Today, let’s reflect on the mystery of the Incarnation — the Christmas portion of our faith. (If you do not accept this as an article of faith, then just consider it as a beautiful story; it still has power; it still can have real meaning for you.)
St. John says “The Word became flesh and dwelt among us” (John 1:14). Jesus saves us as man. Incarnation: Carnal: meat, flesh. Our God became flesh. “He emptied himself of his equality with God and became as humans are”(Philippians 2). The Father sent his Son into our world to identify with us. To become one of us and with us. God likes the human race! In Jesus, a marriage is made between God and the human race.
But this article of our Christian faith often doesn’t dawn on folks. Many think he was just play-acting – pretending to be human.
I offer this passage (excerpted) from St.
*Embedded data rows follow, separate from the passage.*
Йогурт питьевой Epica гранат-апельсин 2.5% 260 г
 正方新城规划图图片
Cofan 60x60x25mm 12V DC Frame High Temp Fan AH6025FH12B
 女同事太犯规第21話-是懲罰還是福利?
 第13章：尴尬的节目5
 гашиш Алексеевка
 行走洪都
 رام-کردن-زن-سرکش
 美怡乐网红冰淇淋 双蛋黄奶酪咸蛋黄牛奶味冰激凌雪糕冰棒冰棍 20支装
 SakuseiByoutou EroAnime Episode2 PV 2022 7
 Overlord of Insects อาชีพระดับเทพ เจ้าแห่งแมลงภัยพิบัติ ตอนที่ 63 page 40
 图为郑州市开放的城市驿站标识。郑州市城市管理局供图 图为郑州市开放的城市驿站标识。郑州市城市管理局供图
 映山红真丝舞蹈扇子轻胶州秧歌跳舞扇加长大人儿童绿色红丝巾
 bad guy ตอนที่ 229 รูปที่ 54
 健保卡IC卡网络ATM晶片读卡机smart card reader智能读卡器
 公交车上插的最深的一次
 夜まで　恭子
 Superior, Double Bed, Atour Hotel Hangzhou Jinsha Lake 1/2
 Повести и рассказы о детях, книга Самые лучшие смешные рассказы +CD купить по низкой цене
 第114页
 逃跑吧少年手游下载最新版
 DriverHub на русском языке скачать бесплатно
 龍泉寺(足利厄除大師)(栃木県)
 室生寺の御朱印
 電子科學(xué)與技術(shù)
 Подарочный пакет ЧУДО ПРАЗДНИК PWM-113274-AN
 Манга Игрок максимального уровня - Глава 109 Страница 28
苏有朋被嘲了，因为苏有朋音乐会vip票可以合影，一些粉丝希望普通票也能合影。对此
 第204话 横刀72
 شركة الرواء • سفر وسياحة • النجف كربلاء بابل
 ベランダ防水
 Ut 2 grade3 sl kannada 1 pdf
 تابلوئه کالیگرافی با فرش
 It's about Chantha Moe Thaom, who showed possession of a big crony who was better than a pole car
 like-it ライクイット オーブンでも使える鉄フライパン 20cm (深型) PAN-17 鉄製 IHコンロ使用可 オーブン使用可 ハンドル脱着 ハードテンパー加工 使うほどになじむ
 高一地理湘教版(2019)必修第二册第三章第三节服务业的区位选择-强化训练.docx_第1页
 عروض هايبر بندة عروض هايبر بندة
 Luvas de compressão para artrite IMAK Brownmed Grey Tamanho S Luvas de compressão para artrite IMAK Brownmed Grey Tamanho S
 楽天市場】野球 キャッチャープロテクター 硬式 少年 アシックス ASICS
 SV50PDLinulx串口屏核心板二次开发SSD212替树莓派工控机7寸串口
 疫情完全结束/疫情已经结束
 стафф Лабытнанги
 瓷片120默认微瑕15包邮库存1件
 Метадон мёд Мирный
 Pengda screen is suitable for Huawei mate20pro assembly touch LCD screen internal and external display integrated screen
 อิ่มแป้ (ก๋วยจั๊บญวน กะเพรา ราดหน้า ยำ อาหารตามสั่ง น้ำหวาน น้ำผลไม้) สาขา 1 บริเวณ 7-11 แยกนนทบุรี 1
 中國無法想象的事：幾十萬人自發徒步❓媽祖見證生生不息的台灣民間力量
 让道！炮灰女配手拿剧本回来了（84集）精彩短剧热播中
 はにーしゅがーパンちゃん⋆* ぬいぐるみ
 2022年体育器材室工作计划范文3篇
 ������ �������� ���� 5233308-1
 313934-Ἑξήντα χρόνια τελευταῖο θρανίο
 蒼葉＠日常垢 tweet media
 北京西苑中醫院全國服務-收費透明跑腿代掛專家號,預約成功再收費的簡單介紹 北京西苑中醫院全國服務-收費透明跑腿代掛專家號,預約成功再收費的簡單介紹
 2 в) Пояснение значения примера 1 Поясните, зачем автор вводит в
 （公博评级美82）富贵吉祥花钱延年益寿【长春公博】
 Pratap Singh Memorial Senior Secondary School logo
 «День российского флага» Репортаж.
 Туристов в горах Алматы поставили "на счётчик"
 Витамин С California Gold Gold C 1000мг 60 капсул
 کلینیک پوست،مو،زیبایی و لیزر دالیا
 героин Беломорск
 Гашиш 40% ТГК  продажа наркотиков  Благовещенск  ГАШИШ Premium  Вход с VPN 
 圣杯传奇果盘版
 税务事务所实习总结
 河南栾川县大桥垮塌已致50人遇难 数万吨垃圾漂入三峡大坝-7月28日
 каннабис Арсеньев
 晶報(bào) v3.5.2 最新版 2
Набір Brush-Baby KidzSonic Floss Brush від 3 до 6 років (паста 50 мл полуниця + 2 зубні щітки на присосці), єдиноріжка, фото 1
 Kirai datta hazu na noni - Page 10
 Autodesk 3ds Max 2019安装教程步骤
Gregory Nazianzen, bishop and doctor of the church in the fourth century from the Advent Office of Readings:
“He [Jesus] takes to himself all that is human, except sin (unfaithfulness) .
He comes forth as God, in the human nature he has taken, one being, made of two contrary elements, flesh and spirit.
Spirit gave divinity, flesh receives it.
He who makes rich is made poor;
he takes on the poverty of my flesh, that I may gain the riches of divinity.
He who was full is made empty;
he is emptied for a brief space of glory, that I may share in his fullness.
We need God to become one of us and with us.
To help us like and love ourselves.
To realize that Love and Beauty and all good things are our destiny.
We need God to invite us to our future instead of destroying ourselves.
If only we believed.
If only we believed.
Take time today to allow this story of God’s love affair with the human race to touch you,
embrace you, and heal your heart, and transform your life as it has mine.
And continues to do so, day after day after day
because I, for one, really, really, really like being caught up in Love!